As you begin the estate planning process, you will want to find an arrangement that makes sense for your needs. Many people favor the simplicity and low initial outlay of wills. Yet, wills must go through probate court, and you may have significant assets that this process could diminish in value. If you want your estate to avoid probate, you may want to protect your assets in a revocable trust.
How revocable trusts work
Revocable trusts are modifiable throughout your lifetime. This arrangement allows you to make changes to your trust whenever necessary, or even revoke it if circumstances require it. After establishing your trust, you will fund it with your assets. So long as you appoint yourself as trustee, you can control these assets while you are alive. You will also need to appoint a successor trustee to fulfill this role upon your passing. Since the trust is the legal owner of your property, it will avoid probate by remaining a living entity after you die. When the time comes for your trust’s property to disburse, it will transfer to your beneficiaries based on any arrangements you stipulate.

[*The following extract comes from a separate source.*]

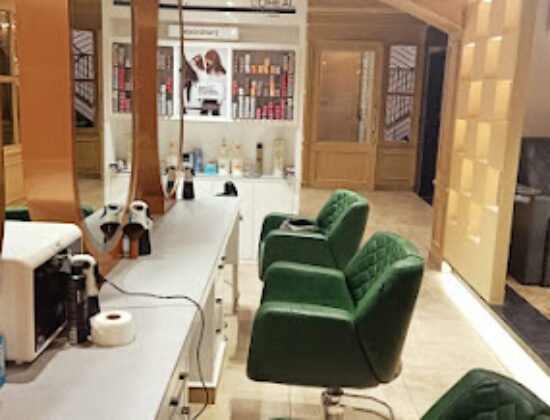 Looks Salon
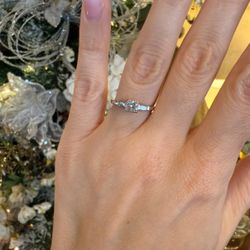 Platinum Ring With Natural Diamonds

Some people bristle at the set-up cost of revocable trusts. While you would likely spend around $150 to draft a will, you may spend $1,500 or more when creating your trust. Yet, since your trust will avoid probate, this initial outlay can lead to savings for you and your beneficiaries down the road. Keep in mind, though, that a revocable trust will not avoid the estate tax. While the trust technically owns your property, you will manage it, which makes you its owner for tax purposes.
A revocable trust can be a useful instrument to protect and pass on your legacy. An estate planning attorney can help you understand if creating one makes sense in your circumstances.